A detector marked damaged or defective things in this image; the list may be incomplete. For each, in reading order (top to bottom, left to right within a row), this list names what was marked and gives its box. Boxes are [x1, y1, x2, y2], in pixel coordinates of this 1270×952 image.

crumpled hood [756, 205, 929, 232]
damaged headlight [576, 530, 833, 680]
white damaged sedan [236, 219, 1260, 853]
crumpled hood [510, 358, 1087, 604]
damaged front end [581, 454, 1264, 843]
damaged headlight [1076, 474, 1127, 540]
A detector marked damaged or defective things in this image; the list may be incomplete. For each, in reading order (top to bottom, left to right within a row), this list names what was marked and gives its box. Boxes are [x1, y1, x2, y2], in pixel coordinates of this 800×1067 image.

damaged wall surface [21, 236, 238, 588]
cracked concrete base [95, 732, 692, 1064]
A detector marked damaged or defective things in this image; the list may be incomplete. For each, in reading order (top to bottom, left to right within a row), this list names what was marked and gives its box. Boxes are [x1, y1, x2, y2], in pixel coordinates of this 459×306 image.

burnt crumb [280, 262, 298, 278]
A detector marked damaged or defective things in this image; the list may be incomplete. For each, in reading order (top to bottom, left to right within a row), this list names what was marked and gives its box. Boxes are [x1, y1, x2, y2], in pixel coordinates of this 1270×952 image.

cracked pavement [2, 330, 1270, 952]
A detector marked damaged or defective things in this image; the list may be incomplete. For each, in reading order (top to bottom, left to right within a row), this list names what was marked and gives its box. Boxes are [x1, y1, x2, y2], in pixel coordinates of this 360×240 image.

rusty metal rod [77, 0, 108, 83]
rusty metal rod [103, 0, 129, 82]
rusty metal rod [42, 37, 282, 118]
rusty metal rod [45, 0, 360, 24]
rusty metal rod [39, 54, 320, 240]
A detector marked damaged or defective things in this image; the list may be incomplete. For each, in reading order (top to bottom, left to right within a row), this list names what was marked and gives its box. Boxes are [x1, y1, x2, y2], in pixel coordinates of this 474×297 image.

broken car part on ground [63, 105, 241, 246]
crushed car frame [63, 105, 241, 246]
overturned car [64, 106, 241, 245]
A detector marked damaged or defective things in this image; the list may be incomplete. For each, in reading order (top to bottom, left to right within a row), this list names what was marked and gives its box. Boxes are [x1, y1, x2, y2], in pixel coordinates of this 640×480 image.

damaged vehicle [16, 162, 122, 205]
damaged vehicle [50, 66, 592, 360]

______________________________

Prompt » Please give back all of the data exactly as it appears.

Result of the task »
A detector marked damaged or defective things in this image; the list may be incomplete. For each, in reading order (top to bottom, left to right within a row), this list names what was marked and gives its box. Boxes are [x1, y1, x2, y2], in pixel coordinates of this 1270×952 image.

crumpled hood [756, 205, 929, 232]
damaged headlight [576, 530, 833, 680]
white damaged sedan [236, 219, 1260, 853]
crumpled hood [510, 358, 1087, 604]
damaged front end [581, 454, 1264, 843]
damaged headlight [1076, 474, 1127, 540]
A detector marked damaged or defective things in this image; the list may be incomplete. For each, in reading order (top to bottom, left to right within a row), this list names what was marked and gives its box. Boxes are [x1, y1, x2, y2], in pixel coordinates of this 800×1067 image.

damaged wall surface [21, 236, 238, 588]
cracked concrete base [95, 732, 692, 1064]
A detector marked damaged or defective things in this image; the list may be incomplete. For each, in reading order (top to bottom, left to right within a row), this list names what was marked and gives its box. Boxes are [x1, y1, x2, y2], in pixel coordinates of this 459×306 image.

burnt crumb [280, 262, 298, 278]
A detector marked damaged or defective things in this image; the list may be incomplete. For each, in reading order (top to bottom, left to right within a row), this list names what was marked and gives its box. Boxes are [x1, y1, x2, y2], in pixel coordinates of this 1270×952 image.

cracked pavement [2, 330, 1270, 952]
A detector marked damaged or defective things in this image; the list may be incomplete. For each, in reading order (top to bottom, left to right within a row), this list names what was marked and gives its box. Boxes are [x1, y1, x2, y2], in pixel coordinates of this 360×240 image.

rusty metal rod [77, 0, 108, 83]
rusty metal rod [103, 0, 129, 82]
rusty metal rod [42, 37, 282, 118]
rusty metal rod [45, 0, 360, 24]
rusty metal rod [39, 54, 320, 240]
A detector marked damaged or defective things in this image; the list may be incomplete. For each, in reading order (top to bottom, left to right within a row), this list names what was marked and gives its box. Boxes are [x1, y1, x2, y2], in pixel coordinates of this 474×297 image.

broken car part on ground [63, 105, 241, 246]
crushed car frame [63, 105, 241, 246]
overturned car [64, 106, 241, 245]
A detector marked damaged or defective things in this image; the list may be incomplete. For each, in reading order (top to bottom, left to right within a row), this list names what was marked and gives its box. Boxes are [x1, y1, x2, y2], in pixel coordinates of this 640×480 image.

damaged vehicle [16, 162, 122, 205]
damaged vehicle [50, 66, 592, 360]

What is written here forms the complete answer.